30s TTC. It was the BESHt of times,it was the worst of times, it was the age of rummaging in gussets, drinking gin.....

997 replies

ginhag · 03/06/2010 22:24

C'mon in BESHes to the beach bar...sprawl on comfy sofas while you wiggle your toes in the sand and watch a glorious sunset....and drink brightly coloured cocktails with sparklers in. Cos we're classy,innit.

I've got Adam and joe in as barmen, and we have a rather nice Cave of Gloom in the corner for those 'whyyyyyy meeeeeeee???' moments. We have a reggae sound system playing mob barley's greatest hits. It's a sunshine paradise!

Newcomers welcome,as long as they drag along a bucket of black humour and a vast amount of gin. And please note,some of us have been here so long we have forgotten the real world almost entirely.

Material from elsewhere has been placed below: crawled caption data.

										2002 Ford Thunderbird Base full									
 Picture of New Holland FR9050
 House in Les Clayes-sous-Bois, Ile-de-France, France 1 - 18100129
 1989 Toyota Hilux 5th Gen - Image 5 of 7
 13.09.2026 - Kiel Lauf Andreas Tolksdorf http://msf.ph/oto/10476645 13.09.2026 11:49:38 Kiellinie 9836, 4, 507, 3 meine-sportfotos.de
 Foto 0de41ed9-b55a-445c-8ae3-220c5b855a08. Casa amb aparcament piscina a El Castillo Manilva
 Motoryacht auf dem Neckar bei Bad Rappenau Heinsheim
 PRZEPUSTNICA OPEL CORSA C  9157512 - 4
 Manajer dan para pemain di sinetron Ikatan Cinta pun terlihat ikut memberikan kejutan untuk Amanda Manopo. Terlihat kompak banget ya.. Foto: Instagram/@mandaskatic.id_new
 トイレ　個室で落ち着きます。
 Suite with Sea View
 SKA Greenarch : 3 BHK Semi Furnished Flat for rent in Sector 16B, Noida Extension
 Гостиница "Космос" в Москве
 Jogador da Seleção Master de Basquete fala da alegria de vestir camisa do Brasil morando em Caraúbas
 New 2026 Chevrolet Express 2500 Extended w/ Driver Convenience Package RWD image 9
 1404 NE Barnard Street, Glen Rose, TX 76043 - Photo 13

Now,who's getting the next round in?

OP posts:
Headbanger · 05/06/2010 20:24

Fanks everyone for making me feel better. I ate too much spaghetti and I feel pukey but slightly less misery-struck by the whole famille biz. LambTagineWithApricotsAndHoney that's a brilliant line, and so well-observed it leads me to wonder if you yourself also have a churchy background? Score you're just spot on there as per usual, & I love the image of your Ma being so polite! Actually though the In-Laws are really v. working class and I think that's also a bit of a hindrance 'cos it leads to a certain kind of anxious inability to express themselves or assert themselves, and a real profound social awkwardness. Like zero conversation, seriously - all the stuff maybe more middle class people are quite expert in, like dinner parties and suppers and chatting over the pinot grigio etc., they just have never done. (All the above sounds pitifully patronising but I'm allowed to say that sort of thing 'cuz I myself am from a 50% v.working class background - and I mean we're talking the slums of 50s London here [not me, my Dad: I'm not that well-preserved!]). I know it sounds dead contentious but when you've spent a lot of your life poised between two classes it's actually dead fascinating. I get furious when people think 'working class' is an insult. Fuck my accent/education: I'm working class, basically. I'm poor, and I've never been skiing . One of my pals is from a gorgeously middle class background (West London, arty parents, you know the biz) but had an extraordinary romance with a roofer from Dagenham. She's now doing a PhD in issues inc. depictions of the working class male, so we have pissed discussions about this all the time.

God I'm boring myself now. Also possibly being a bit offensive. I'll stop .

tagine · 05/06/2010 20:37

Oops, I iz busted.

Anyone watching BGT? Beforehand I liked the dog act but now I'm rooting for Accountant Singing Guy (can't be bothered to learn Real Life Names)

No droid as yet. Hmm. I am of course drinking all the wine in the house anyway. Because in the unlikely event I am diffed, I'll likely be too pig sick to drink it any time soon. So it is an act of efficiency, of good household management. It is home economics at it's best. It is a selfless act, laydees.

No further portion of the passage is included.